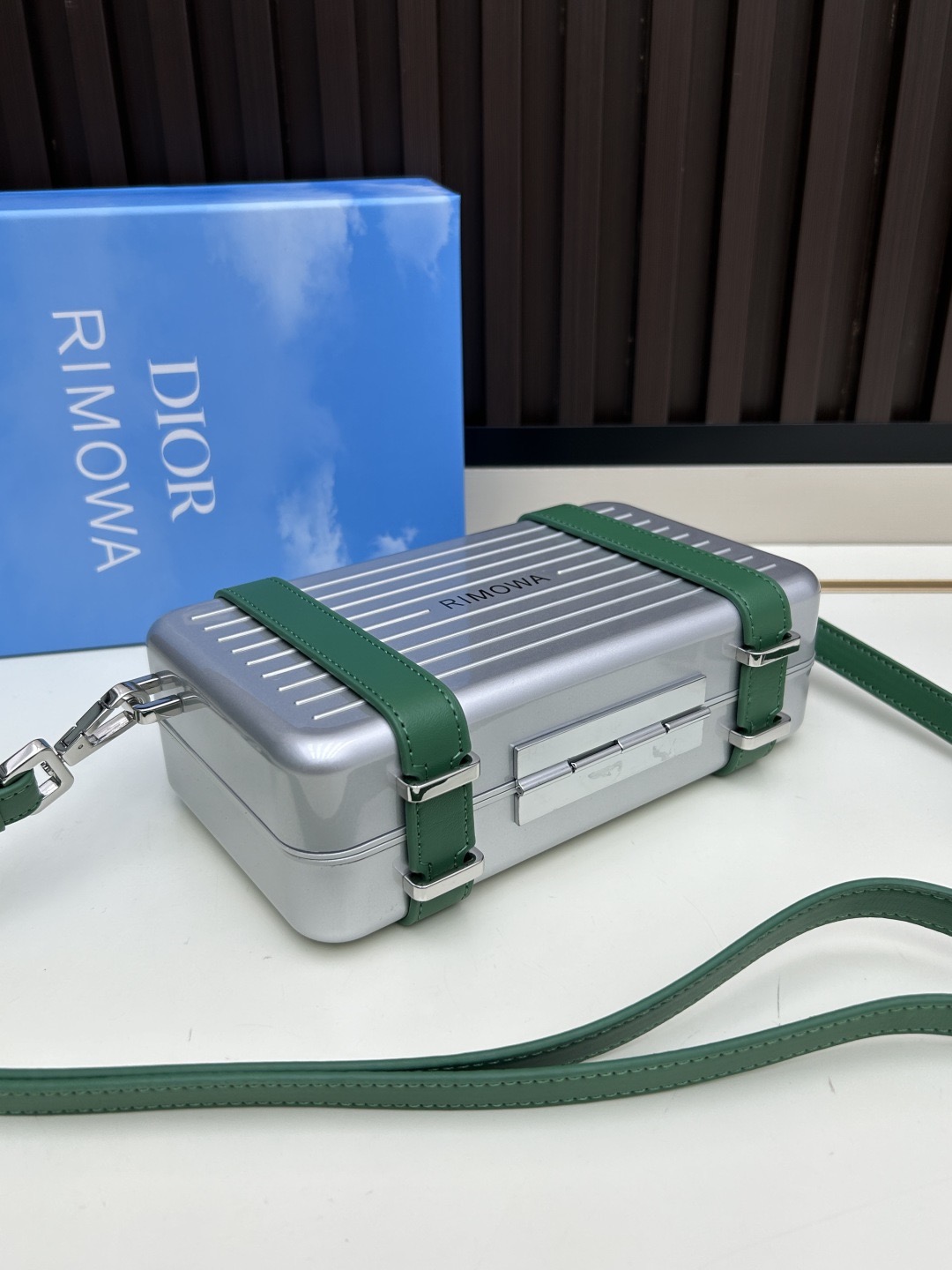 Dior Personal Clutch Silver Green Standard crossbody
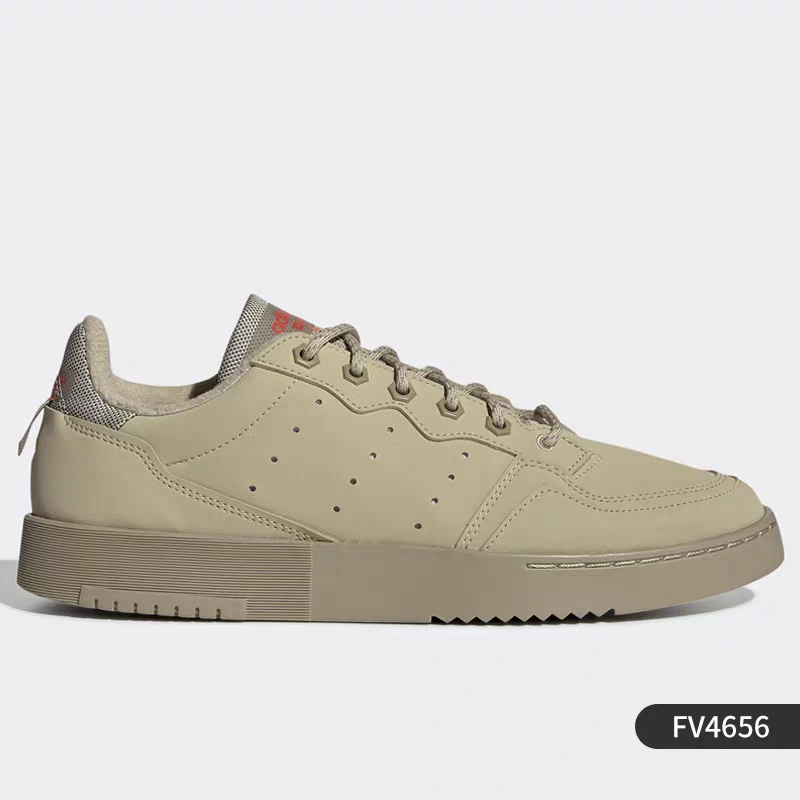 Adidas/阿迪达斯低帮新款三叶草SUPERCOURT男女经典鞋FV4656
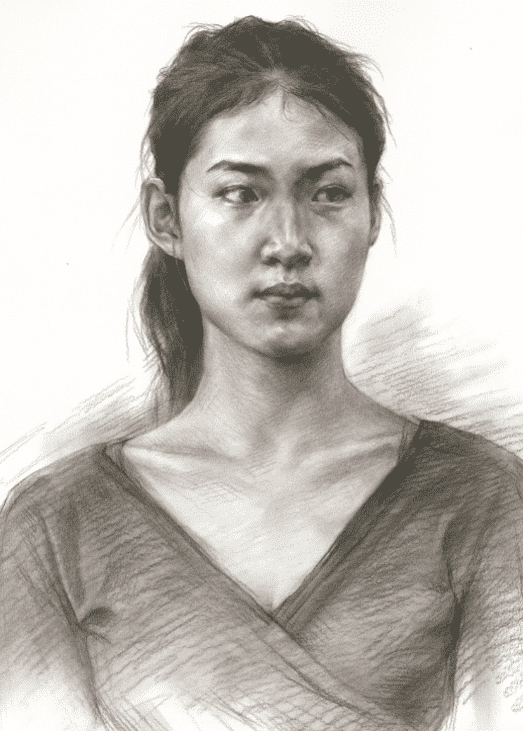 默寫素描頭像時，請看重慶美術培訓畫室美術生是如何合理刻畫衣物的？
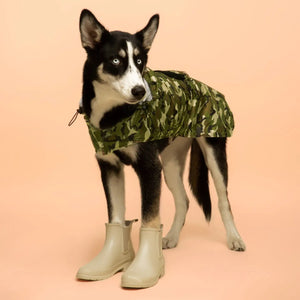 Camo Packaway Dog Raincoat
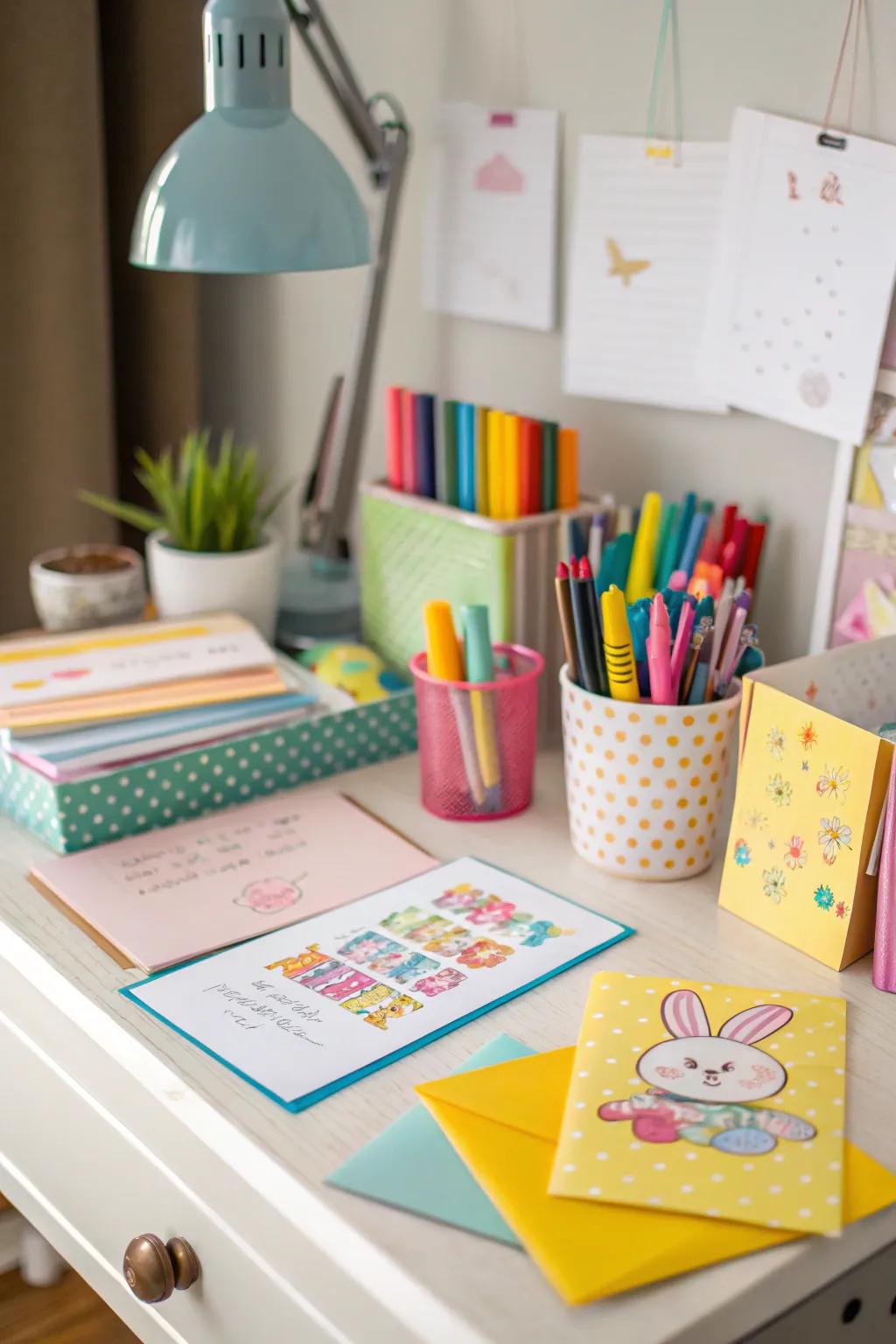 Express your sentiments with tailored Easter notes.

========

▶ REQUIRED WORK
Although the entries contain pictures, reproduce only the rest, exactly as written.

▶ TASK RESPONSE
 Dior Personal Clutch Silver Green Standard crossbody
 Adidas/阿迪达斯低帮新款三叶草SUPERCOURT男女经典鞋FV4656
 默寫素描頭像時，請看重慶美術培訓畫室美術生是如何合理刻畫衣物的？
 Camo Packaway Dog Raincoat
 Express your sentiments with tailored Easter notes.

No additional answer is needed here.